Obsessed by the past

I’ve never seen a book quite like this. It is a memoir, intimate at times, about the Bennett’s desire to live in the past.  It is the story of two successful philatelists, people who buy and sell postage stamps for a living. They long to trade their hectic urban life in Maryland for the quiet rural life in New England. They buy their dream home, a rambling Georgian on a country road in South Berwick. For the next decade, Paula and Harvey restore the oldest part of the Goodwin House to its late 18th century glory.

The Bennetts are possessed by the spirits of the Goodwin family, who bought the property from the Spencer family around 1740. There may have been a fort here in the 1600s, at what was the  heart of  Newichawannock, an early English settlement later named Berwick. The Bennetts live across the street from the long unpaved lane that leads to the stately Hamilton House museum, now operated by Historic New England. There was a dock for sailing ships  here at the upper end of the Salmon Falls River, and a successful trading post, a tavern, and meetinghouse.

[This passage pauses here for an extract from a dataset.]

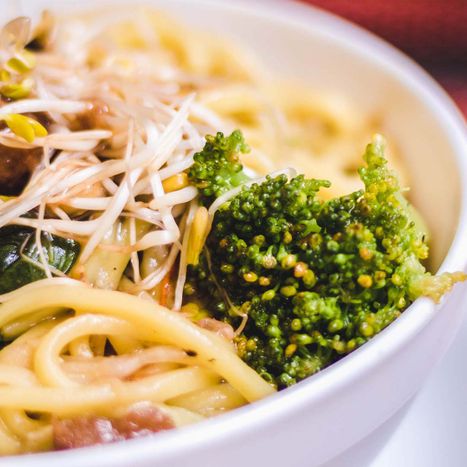 Yakisoba with broccoli and sprouts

This isn’t your Amityville Horror or Stephen King kind of possession. The spirits of Ichabod Goodwin, his wife and their many descendants don’t rattle chains or leap out from under the bed. They appeared, slowly at first, through Paula’s methodical research. They materialized, bit by bit, out of letters, journals, inventories, deeds, ancient newspapers, and town records. There were at least three Ichabod Goodwins here, known to Paula,chronologically, as the Captain (in the French and Indian War),  the General (in the American Revolution), and the Governor (during the Civil war.). The most recent Ichabod was a nephew who lived at the house while attending Berwick Academy in the 19th century. He went on to become the New Hampshire governor and a supporter of Abraham Lincoln. His Portsmouth mansion is among the historic houses at Strawbery Banke Museum. 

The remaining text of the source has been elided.